Hyundai and Kia officials now have two union guns pointed at them at a time when both are reeling from plunging sales.
Union members at both automakers have authorized strike action if necessary to achieve their wage and non-wage demands.
The Kia branch of the Korean Metal Workers Union held its strike approval vote July 18, with 72.1%, or 24,871 of the 28,240 unionists who cast ballots, approving strike action.
The KMWU’s Hyundai branch authorized strike action July 14 after a vote participated in by 50,274 members, or 89% of the workforce. About 66% of those who voted were in favor of strike authorization.
The Hyundai union members are receiving flak from the public and local officials in Ulsan, where most Hyundai plants are located, because a large contingent of the members have rented a golf course in Gyeongju and will golf rather than tend to union business during what is seen as a critical point in the labor talks.
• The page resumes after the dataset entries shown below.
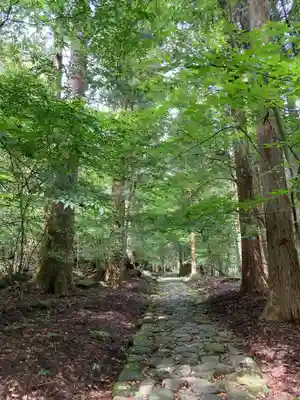 瀧尾神社（日光二荒山神社別宮）(栃木県)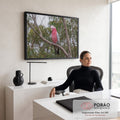Cacatua-rosa de asas cinza pousada em galho seco entre folhas verdes de eucalipto, quadro decorativo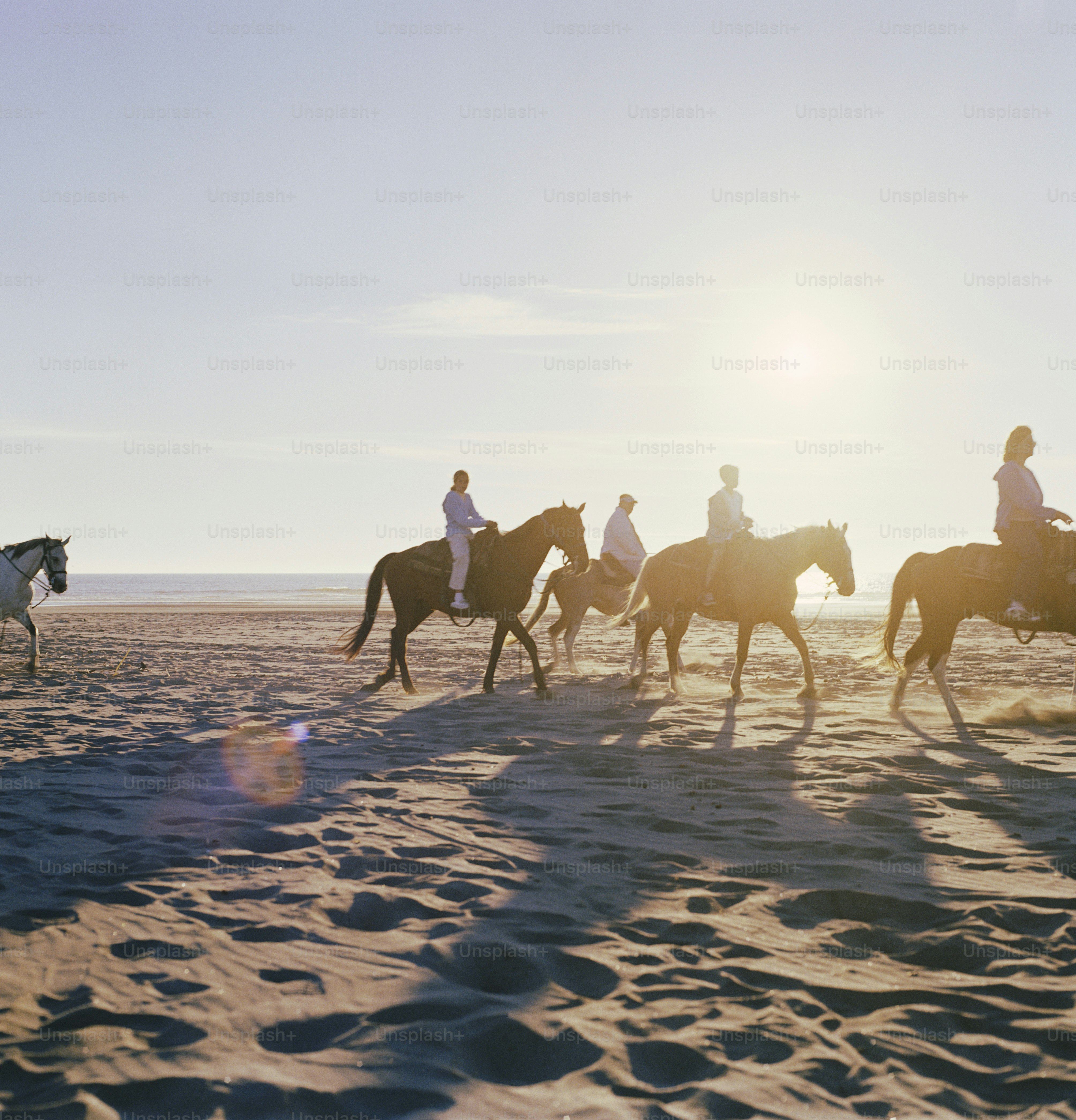 a group of people riding horses on a beach
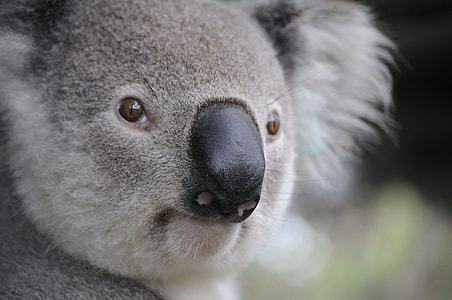 shallow focus photography of Koala thumbnail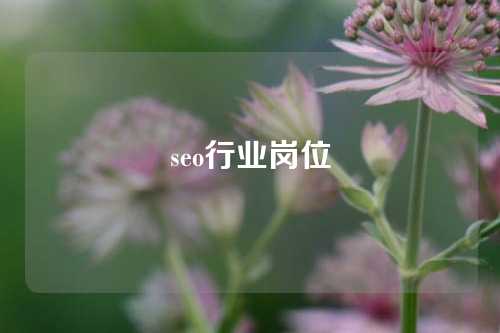 seo行业岗位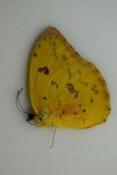 Phoebis philea femelle
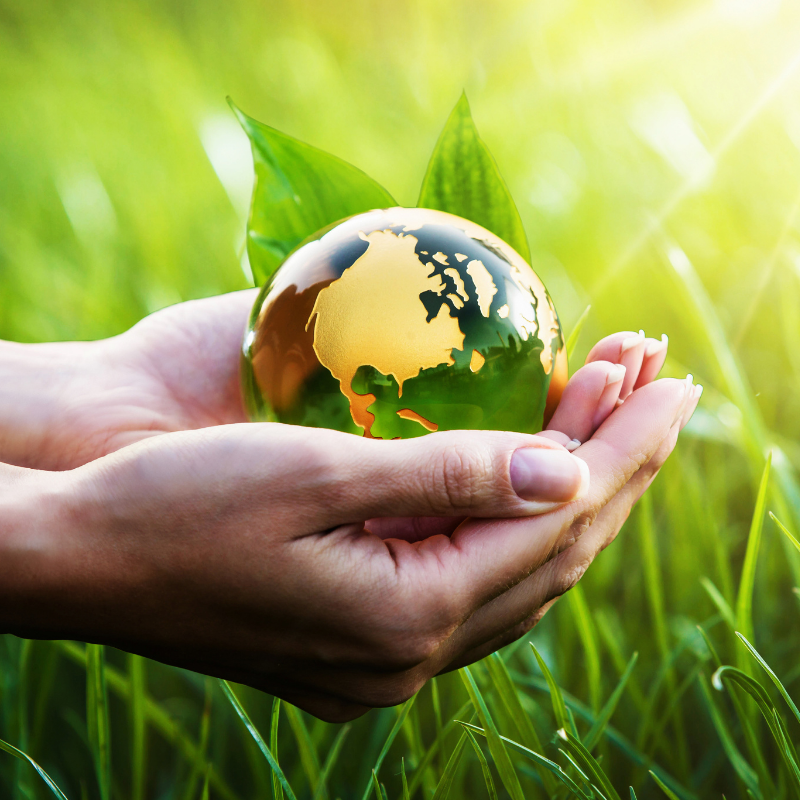Our Environment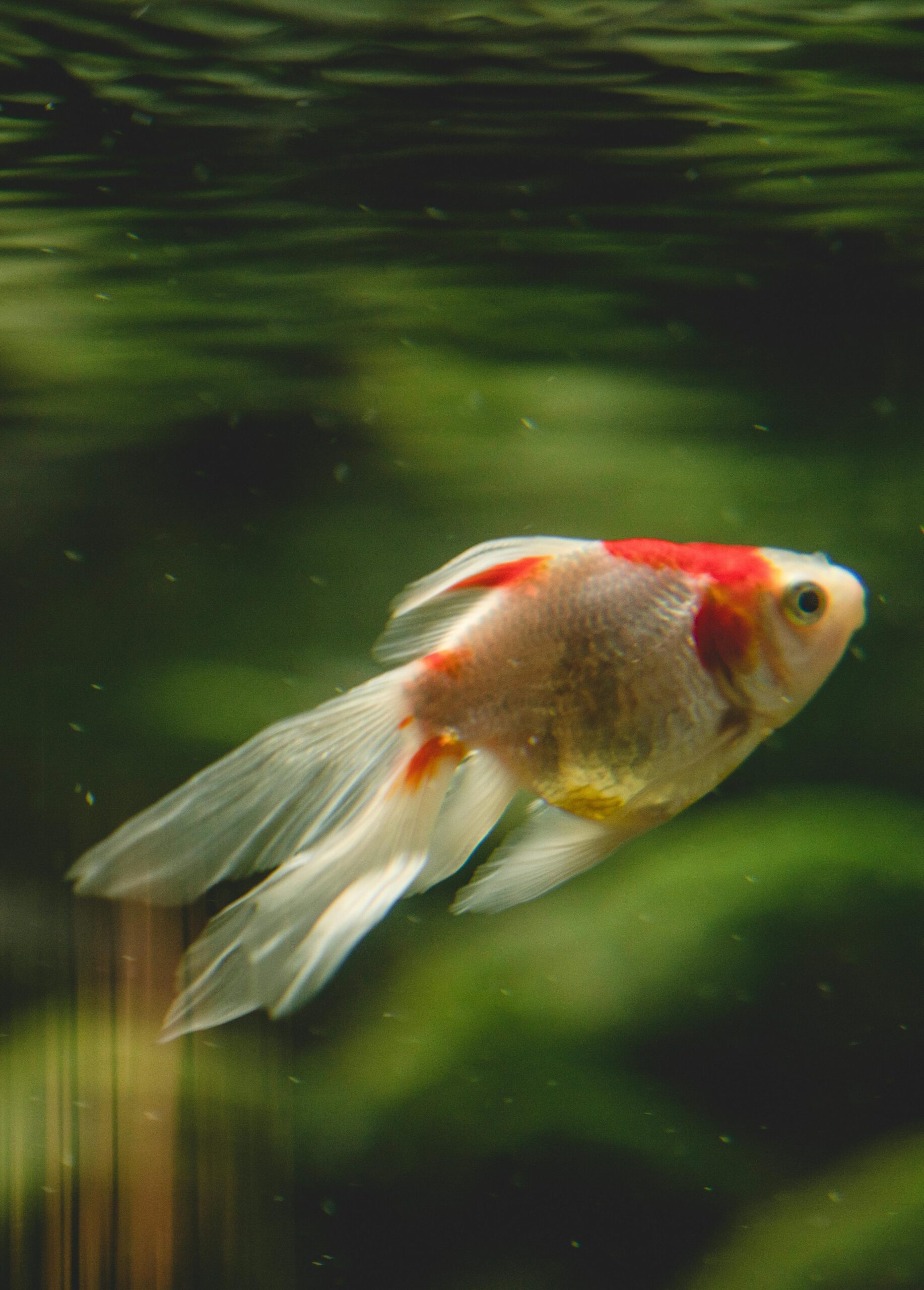 Photo by Los Muertos Crew: https://www.pexels.com/photo/close-up-shot-of-a-white-and-orange-fish-swimming-8837890/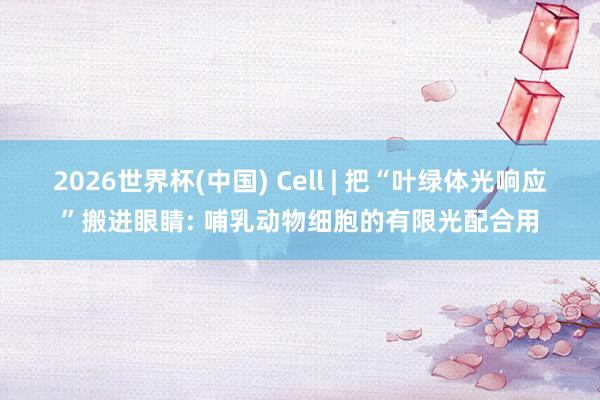 2026世界杯(中国) Cell | 把“叶绿体光响应”搬进眼睛: 哺乳动物细胞的有限光配合用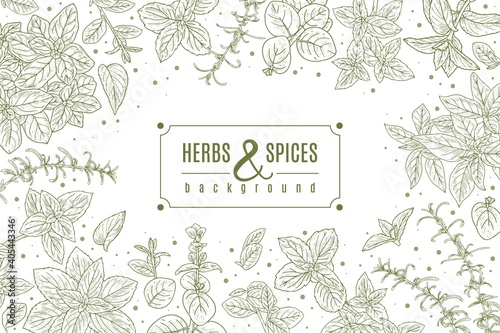 Sketch herbs frame illustration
Spokesmen for the 240 unionists who will play golf on the July 25 union foundation day note it’s a plant holiday so they don’t deserve the criticism. Critics cast union officials as wealthy capitalists than workers who claim to be in dire need of big raises.
The unions also are drawing some public criticism due to their rigid wage and non-wage demands at a time when both Hyundai and Kia are experiencing significant sales declines and profits are nosediving.
In the first six months of 2017 Hyundai’s global sales were off 8.2% year-over-year with 2.2 million units sold.
Kia’s sales for the first six months of 2017 were off 9.4%, with 1.3 million units sold.
In a recent investor-relations presentation, Hyundai told analysts its first-quarter 2017 operating income fell 6.9% to 1.25 billion won ($1.11 billion). Net income for the quarter was down a staggering 20.5% at 1.4 billion won ($1.25 billion).
Kia booked a 19% decline in first-quarter net profit, with earnings diving to 765.4 billion won ($681 million).
Analysts expect the second-quarter picture for Hyundai also will be bleak, and the company will book its 14th consecutive quarterly decline in profits.
Especially dragging down sales revenue for both companies is a current anti-Korea boycott in China, which has become their largest market by sales volume.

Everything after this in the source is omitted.